Governors Bay Wikipedia
The settlement of Governors Bay is located on Banks Peninsula near the head of Lyttelton Harbour. It is connected via Governors Bay Road to Lyttelton, via Dyers Pass Road over the Port Hills to the Christchurch suburb of Cashmere, and via Main Road to the south side of the harbour basin and Banks Peninsula.
Governors Bay School in Jetty Road caters for students from year 0 to year 8. From year 9 onwards, students attend one of the high schools in Christchurch. Cholmondeley Children´s Home in Cholmondeley Lane is a children's home providing quality short-term or emergency residential care for children, usually between the ages of 3–12 years, and support for their families. Governors Bay Hotel, founded in 1870, is one of the oldest hotels in continuous operation in New Zealand. It remained open after the 2010 and 2011 earthquakes.

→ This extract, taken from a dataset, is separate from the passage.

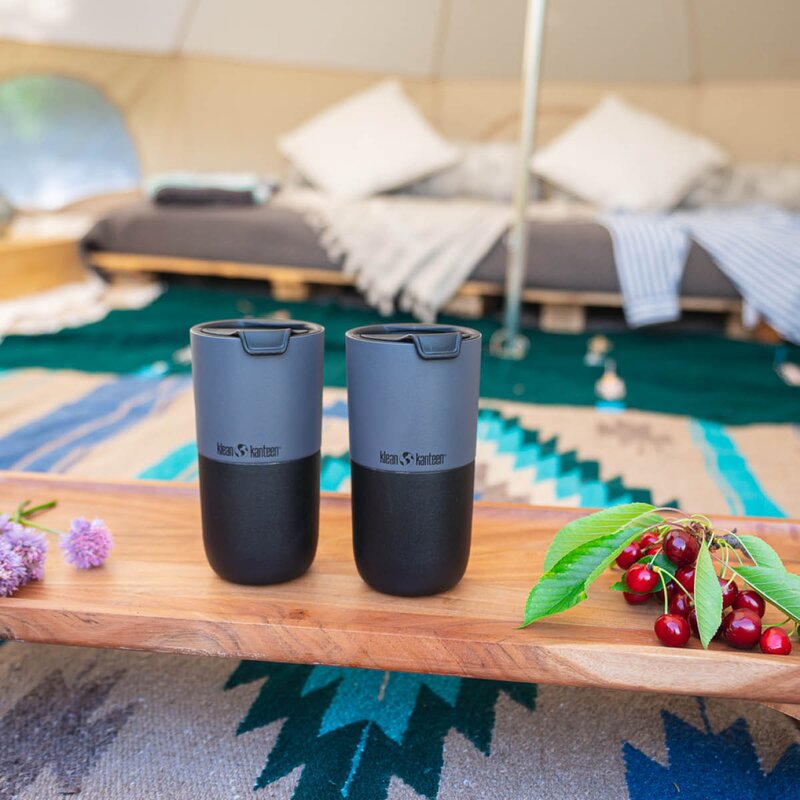 Klean Kanteen Rise Tumbler 47 cl med flipplokk asfalt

The Ohinetahi historic homestead, in Ohinetahi, is a Category I heritage building, and the associated formal garden is considered to be one of New Zealand's finest. A partnership of three purchased the property in 1977 and one of them, prominent Christchurch architect Sir Miles Warren, has lived in the property since soon afterwards. Damage from the September 2010 quake forced changes to lighten the upper story of the building. Sir Miles gifted the property "to the nation" in early 2013.
St Cuthbert's Church in Governors Bay Road, built in 1860, is also a Category I building. It was extensively damaged in the September 2010 quake, and its future is uncertain.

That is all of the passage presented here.